I swore by the All-Father that Giroux would limp into the guardhouse at dawn, cursing me while granting me a shield.
The gathered crowd whooped and hollered, their knuckles pounded the sky, hit the earth, or kicked up mud and browned snow. The wooden well before the longhouse shivered at their thunderous roars.
Heat beneath me struggled as a brigandine vest bit into my thighs. His heartbeat was entirely too calm for him to be losing. Straddling the Commander, I twisted his head to the right and dug my elbow into the crevice at the side of his leathery neck.
This is it, if I complete the movement, pin him, and make him cry out for mercy, the Guard will have no choice but to accept me.
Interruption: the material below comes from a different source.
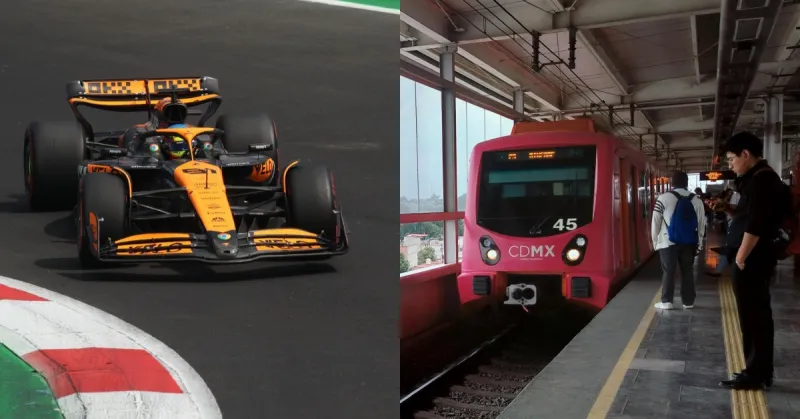 Un auto de Fórmula 1 a la izquierda y un tren llegando en el Metro de la CDMX a la derecha.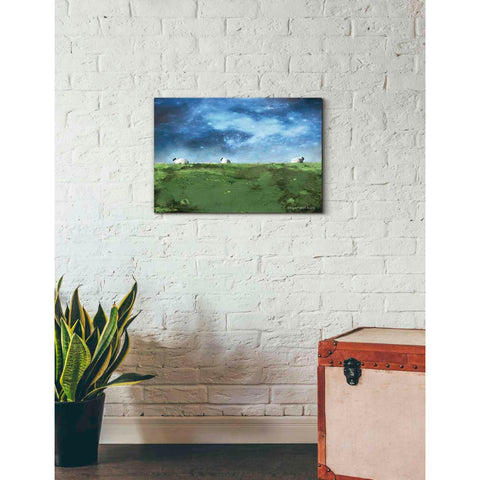 Image of 'Distant Hillside Sheep by Night' by Bluebird Barn, Canvas Wall Art,26 x 18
They'll need someone like me.
"You had enough, sir?" I laughed and smiled, for once I had gotten him down into the earth, the heels of his boots digging between the stones of the well before the jarl's longhouse.
"Fightin' dirty, Katell—"
"Fighting just like I've been taught, sir." I twisted my elbow, drilling it into the soft flesh of his throat, "Does a man no good to keep his balls if he can't protect his throat." I dug deeper, "Ain't that what you taught me?"
"Ooooh!" the half-way armored men cawed and hissed, drumming their mucked up boots into the snow like chimeras on the verge of charging.
Boots slammed into the muck and the shadows hanging over us suddenly got wispy before they departed.
Can't look up, there's one more thing I've got to do to prove I'm ready.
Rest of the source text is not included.